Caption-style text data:
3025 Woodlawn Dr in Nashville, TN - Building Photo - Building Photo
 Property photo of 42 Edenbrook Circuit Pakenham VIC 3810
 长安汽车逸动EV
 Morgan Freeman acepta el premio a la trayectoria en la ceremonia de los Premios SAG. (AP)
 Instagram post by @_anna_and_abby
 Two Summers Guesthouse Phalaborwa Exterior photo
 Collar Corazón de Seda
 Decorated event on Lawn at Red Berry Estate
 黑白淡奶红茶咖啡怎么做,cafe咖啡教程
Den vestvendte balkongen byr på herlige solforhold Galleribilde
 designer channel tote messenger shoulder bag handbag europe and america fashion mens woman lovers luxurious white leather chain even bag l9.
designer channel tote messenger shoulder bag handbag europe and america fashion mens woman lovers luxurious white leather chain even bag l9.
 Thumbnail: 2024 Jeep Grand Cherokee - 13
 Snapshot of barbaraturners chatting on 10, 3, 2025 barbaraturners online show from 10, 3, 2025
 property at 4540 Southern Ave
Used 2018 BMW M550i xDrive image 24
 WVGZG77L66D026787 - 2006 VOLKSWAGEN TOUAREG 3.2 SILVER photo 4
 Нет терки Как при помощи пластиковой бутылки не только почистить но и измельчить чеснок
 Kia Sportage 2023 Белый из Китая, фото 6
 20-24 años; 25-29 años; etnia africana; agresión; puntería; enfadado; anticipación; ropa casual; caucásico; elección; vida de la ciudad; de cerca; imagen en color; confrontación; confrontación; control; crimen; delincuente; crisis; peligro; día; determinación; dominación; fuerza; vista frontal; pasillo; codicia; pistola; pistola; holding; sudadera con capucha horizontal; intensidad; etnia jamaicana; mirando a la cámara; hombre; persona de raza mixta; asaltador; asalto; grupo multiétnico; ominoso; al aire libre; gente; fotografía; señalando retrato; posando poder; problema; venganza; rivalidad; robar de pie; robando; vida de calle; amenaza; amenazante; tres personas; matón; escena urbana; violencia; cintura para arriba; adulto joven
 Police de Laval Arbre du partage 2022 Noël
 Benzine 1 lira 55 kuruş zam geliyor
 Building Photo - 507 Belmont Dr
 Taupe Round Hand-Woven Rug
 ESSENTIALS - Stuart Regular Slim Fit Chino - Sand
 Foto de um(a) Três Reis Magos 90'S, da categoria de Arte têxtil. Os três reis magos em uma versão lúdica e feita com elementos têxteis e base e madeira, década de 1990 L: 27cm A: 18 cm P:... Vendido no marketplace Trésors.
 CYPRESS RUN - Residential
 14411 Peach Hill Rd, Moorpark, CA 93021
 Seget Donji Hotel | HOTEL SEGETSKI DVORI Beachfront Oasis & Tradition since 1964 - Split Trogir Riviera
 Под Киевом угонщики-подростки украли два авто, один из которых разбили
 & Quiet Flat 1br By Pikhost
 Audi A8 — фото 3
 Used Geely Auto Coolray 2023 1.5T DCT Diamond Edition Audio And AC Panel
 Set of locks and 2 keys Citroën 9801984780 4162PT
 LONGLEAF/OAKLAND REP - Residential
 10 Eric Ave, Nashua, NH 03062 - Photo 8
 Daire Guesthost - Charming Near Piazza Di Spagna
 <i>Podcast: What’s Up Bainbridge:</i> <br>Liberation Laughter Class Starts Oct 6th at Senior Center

> **WHAT YOU SHOULD DO**:
The answer must be the line containing "Daire Guesthost - Charming" and every line after it to the end of the data, each set down exactly.

> **RESULT FOR THIS TASK**:
 Daire Guesthost - Charming Near Piazza Di Spagna
 <i>Podcast: What’s Up Bainbridge:</i> <br>Liberation Laughter Class Starts Oct 6th at Senior Center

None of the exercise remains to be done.